- SOURCE DATA
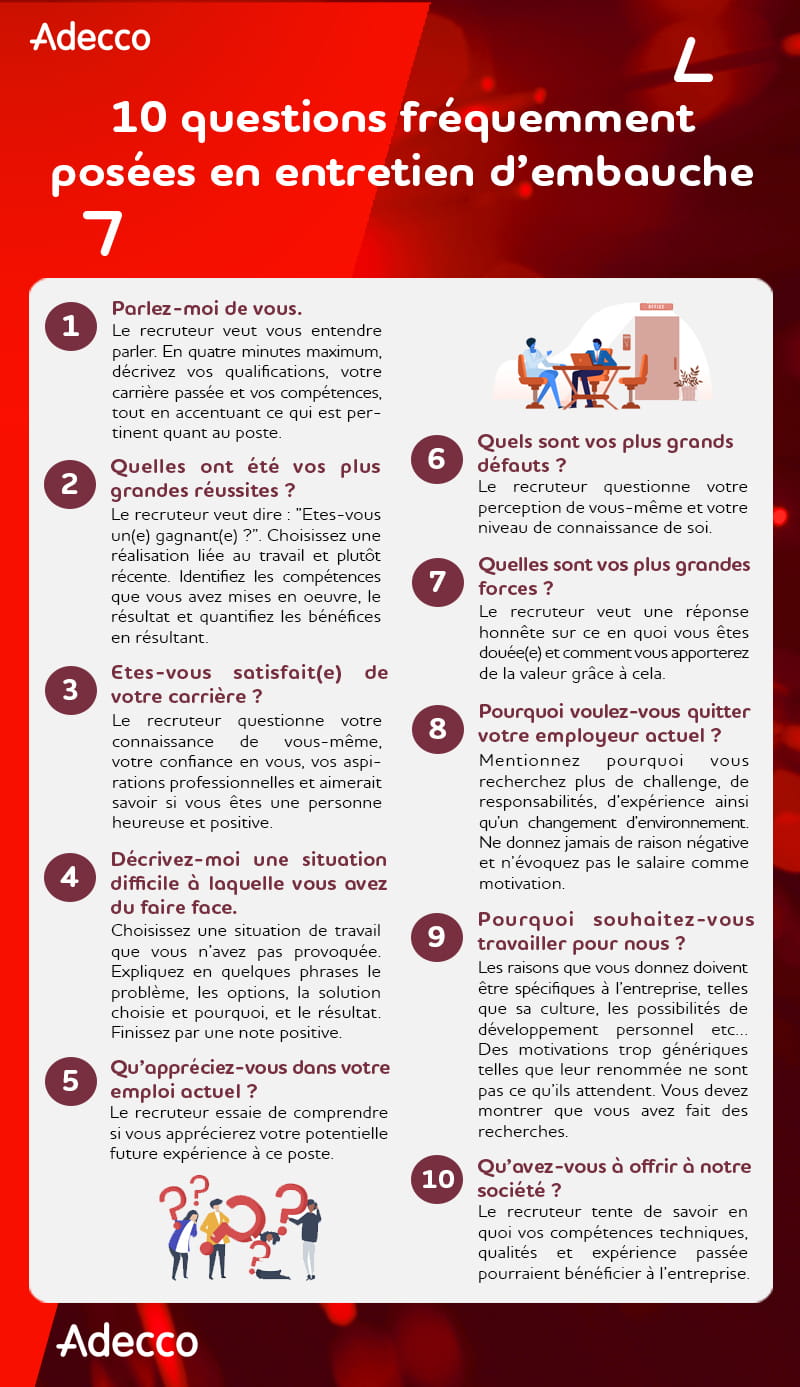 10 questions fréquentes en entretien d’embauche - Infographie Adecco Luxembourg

==

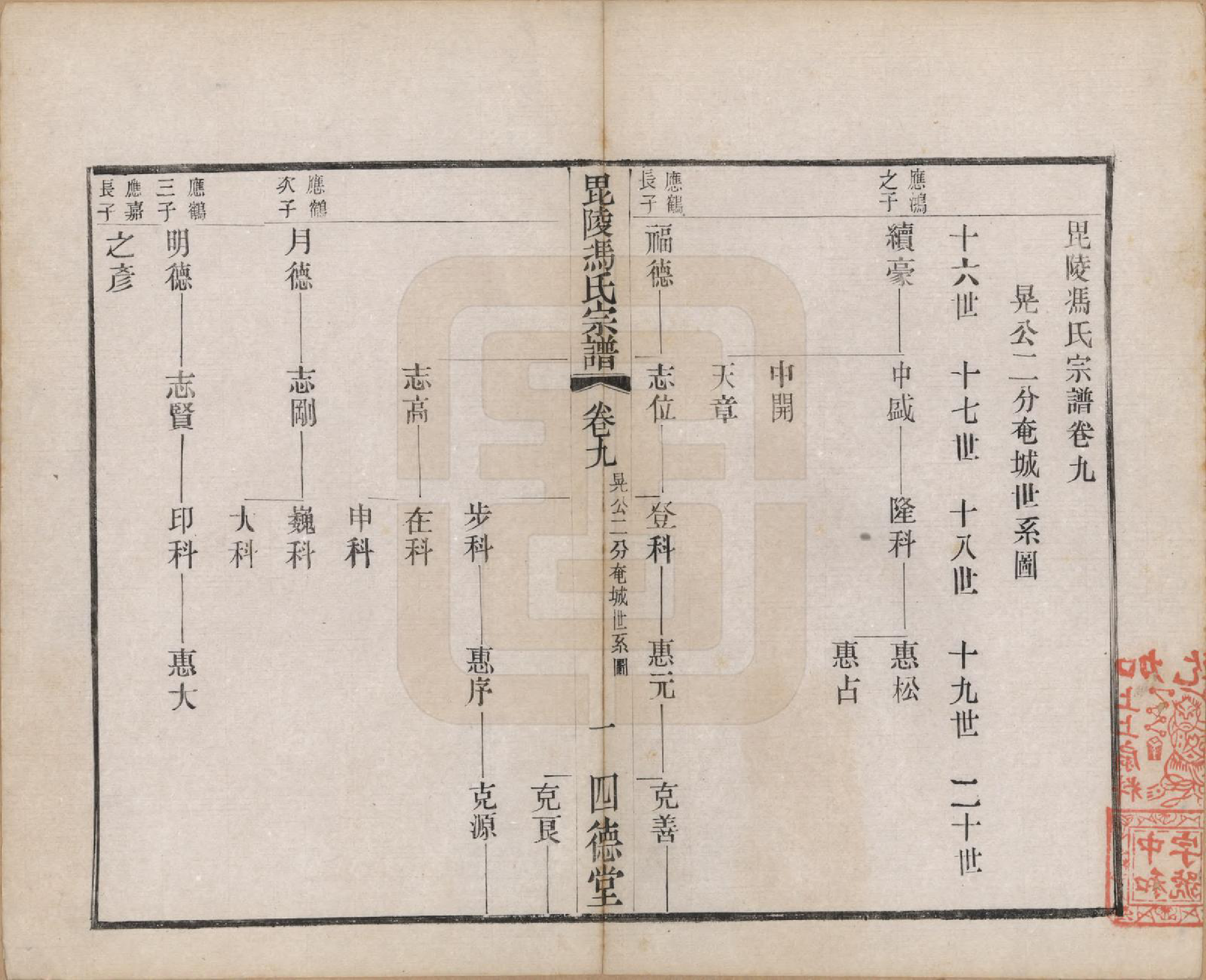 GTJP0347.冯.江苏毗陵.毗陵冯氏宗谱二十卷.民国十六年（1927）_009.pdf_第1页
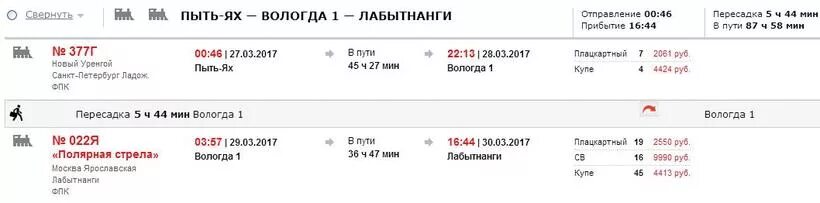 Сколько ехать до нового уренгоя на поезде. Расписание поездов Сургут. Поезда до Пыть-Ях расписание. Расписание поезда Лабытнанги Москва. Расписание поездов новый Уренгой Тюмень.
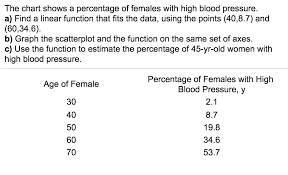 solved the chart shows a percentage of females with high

- EXERCISE AIM
Transcribe, from the material above, the stretch starting at the line with "GTJP0347.冯.江苏毗" and ending at the line with "solved the chart", both included, exactly. Do not carry over pictures.

- SOLUTION FOR THIS PROBLEM
 GTJP0347.冯.江苏毗陵.毗陵冯氏宗谱二十卷.民国十六年（1927）_009.pdf_第1页
 Сколько ехать до нового уренгоя на поезде. Расписание поездов Сургут. Поезда до Пыть-Ях расписание. Расписание поезда Лабытнанги Москва. Расписание поездов новый Уренгой Тюмень.
 solved the chart shows a percentage of females with high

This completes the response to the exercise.